Historical Background

 

The politicalization of international business, and the origins of the U.N. codes, have their roots in the "multinational debate" of the 1960s that reached its climax in the confrontation between developing and industrialized nations in the early 1970s (Robinson, 1983). The developing nations, many of them recently enfranchised, made claims concerning the harmful practices of TNCs and called for a New Economic Order and some form of binding control over TNCs. Throughout the 1970s, the United Nations led the crusade for a comprehensive, legally binding international code of conduct for TNCs. Within the United Nations, this crusade was led by the developing countries grouped together as the so-called Group of 77-­international trade unions, and some small, developed nations, such as the Scandinavian states (Hamilton, 1983).

The U.N. code of conduct on TNCs has its direct roots in a 1972 decision of the United Nations Economic and Social Council (ECOSOC) to establish a group of "eminent persons" to make recommendations for international action on TNCs (Robinson, 1983). Their report, "The Impact of Multinational Corporations on Development and International Relations," was published in May, 1974, and it provided the rationale for the subsequent development of the code. In December, 1974, ECOSOC created a Commission and Centre on Transnational Corporations. The Commission was charged with the job of drawing up a set of recommendations which could become the basis for a Code of Conduct dealing with TNCs.    

          The Commission on Transnational Corporations met annually from 1975 into the 1980s.  However, the economic downturn associated with the 1974 oil crisis and the corresponding increased need of the developing nations for foreign investment tempered the Commission's work (Robinson, 1983). The multinational issue was no longer a debate-it had become a negotiation. The principal forum for the negotiations was the "Intergovernmental Working Group on a Code of Conduct" which first met in January, 1977, and its reports to the Commission on Transnational Corporations.
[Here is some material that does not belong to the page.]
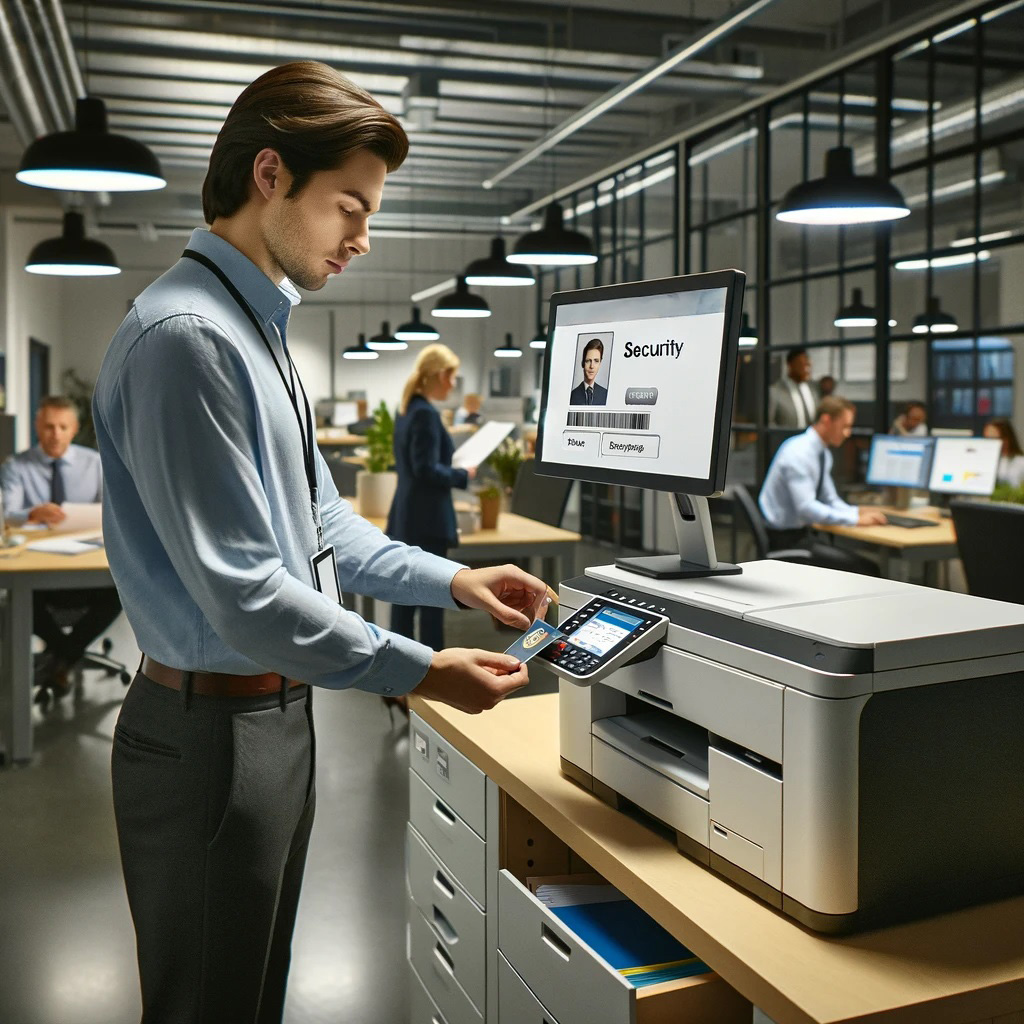 person scanning a security badge at a printer.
          As the Intergovernmental Working Group began its task, several other international groups issued guidelines for TNCs. In 1976, the Organization for Economic Cooperation and Development (OECD) established its Guidelines for Multinational Enterprises, and, one year later, the International Labor Organization (ILO) approved the Declaration of Principles Concerning Multinational Enterprises and Social Policy. In 1980, the United Nations Conference on Trade and Development (UNCTAD) promulgated the Set of Multilaterally Agreed Equitable Principles and Rules for the Control of Restrictive Business Practices, and the World Health Organization's (WHO) International Code of Marketing of Breast Milk Substitutes was passed by the General Assem­bly in May of 1981.

          The ILO, UNCTAD and WHO guidelines are all sectoral codes for international business within the United Nations. They were developed to deal with specific problems that may arise from TNC activity and must be understood in the context of the more general negotia­tions occurring within the United Nations concerning TNCs. The OECD guidelines were a preemptive Western strike at the general UN codes. As Robinson (1983:7) points out:

. . . the guidelines are a calculated compromise by Western governments between, on the one hand, the need to sensitize firms to their social, economic, and political responsibilities and, on the other, the need to make the rest of the world aware, and in particular the LDCs negotiating a UN code of conduct for transnational corporations, that the West is not prepared to see excessive constraints imposed on their major creators of wealth.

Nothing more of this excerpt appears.